For instance, it may become possible to determine in living cells whether two proteins are linked together into a complex. When proteins tagged with dots are physically linked in this way, the dots are close enough together that light emitted from one dot can activate the other, making it glow more brightly than normal. “This could give us information about the dynamic interaction of two proteins,” says Randy Blakely, a neuroscientist at Vanderbilt University who works with Rosenthal. “The optical resolution of a normal fluorescent microscope isn't enough to tell whether molecules are physically interacting with each other.”

Some technical problems remain to be ironed out, however, mostly relating to the dots' surface chemistry. “We need to protect the quantum dots so that they are not oxidized, are very stable, can withstand salt concentrations in cells, and don't bind to what you don't want them to,” says Weiss.

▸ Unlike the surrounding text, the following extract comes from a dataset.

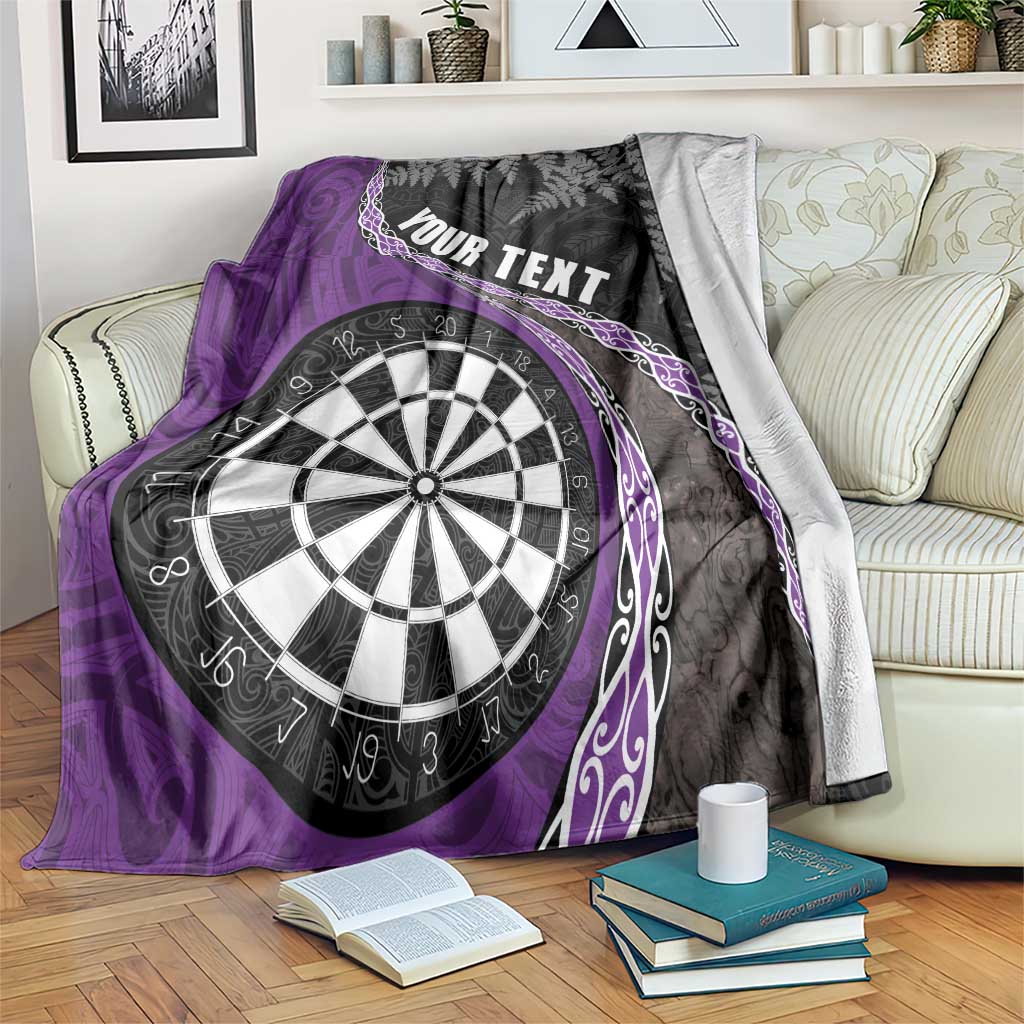 Personalised New Zealand Darts Blanket Koru Tribal Tattoo and Silver Fern Maori Pattern Purple Color LT03 Purple - Polynesian Pride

The very versatility of quantum dots — the fact that their cellular target can be changed simply by changing their surface chemistry — is both a blessing and a curse, Bruchez adds, as it means that the surface must be tailored for each biological application. “We're looking for a robust surface that is widely applicable,” he says.

Although neither BioCrystal nor Quantum Dot Corporation has figured out yet how to mass-produce the dots cheaply, both have started making their dots available to small groups of researchers, and plan to expand their distribution in the coming year.

Once the dots become more widely available, Alivisatos says, it might take biologists a while to explore their potential. But Larabell is confident that this won't take long. “When the methods are worked out, they'll be used instantly,” she predicts.